DSP48 slice registers within AMD devices contain only resets, and not sets. Accordingly, unless necessary, do not code a set (value equals logic 1 upon an applied signal) around multipliers, adders, counters, or other logic that can be implemented within a DSP48 slice. Additionally, avoid asynchronous resets, since the DSP slice only supports synchronous reset operations. Code resulting in sets or asynchronous resets may produce suboptimal results in terms of area, performance, or power.

Many DSP designs are well-suited for the AMD architecture. To obtain best use of the architecture, you must be familiar with the underlying features and capabilities so that design entry code can take advantage of these resources.

The DSP48 blocks use a signed arithmetic implementation. AMD recommends code using signed values in the HDL source to best match the resource capabilities and, in general, obtain the most efficient mapping. If unsigned bus values are used in the code, the synthesis tools may still be able to use this resource, but might not obtain the full bit precision of the component due to the unsigned-to-signed conversion.

If the target design is expected to contain a large number of adders, AMD recommends that you evaluate the design to make greater use of the DSP48 slice pre-adders and post-adders. For example, with FIR filters, the adder cascade can be used to build a systolic filter rather than using multiple successive add functions (adder trees). If the filter is symmetric, you can evaluate using the dedicated pre-adder to further consolidate the function into both fewer LUTs and flip-flops and also fewer DSP slices as well (in most cases, half the resources).

If adder trees are necessary, the 6-input LUT architecture can efficiently create ternary addition (A + B + C = D) using the same amount of resources as a simple 2-input addition.

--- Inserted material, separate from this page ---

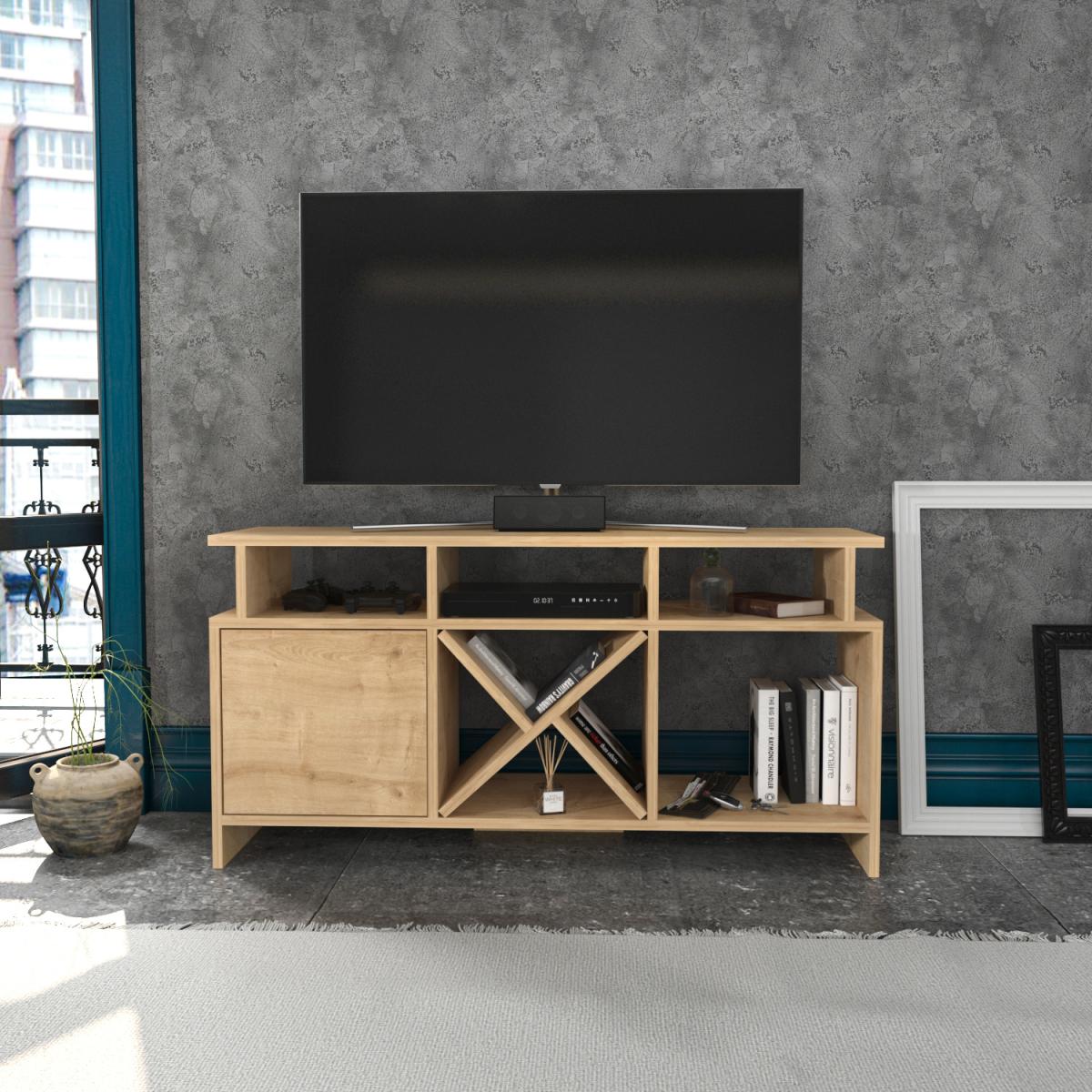 Auburn 120 cm Wide TV Unit and Media Console with Shelves - Anthracite – image 21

This can help save and conserve carry logic resources. In many cases, there is no need to use these techniques.

By knowing these capabilities, the proper trade-offs can be acknowledged up front and accounted for in the RTL code to allow for a smoother and more efficient implementation from the start. In most cases, AMD recommends inferring DSP resources.

For more information about the features and capabilities of the DSP48 slice, and how to best leverage this resource for your design needs, see the 7 Series DSP48E1 Slice User Guide (UG479) and UltraScale Architecture DSP Slice User Guide (UG579).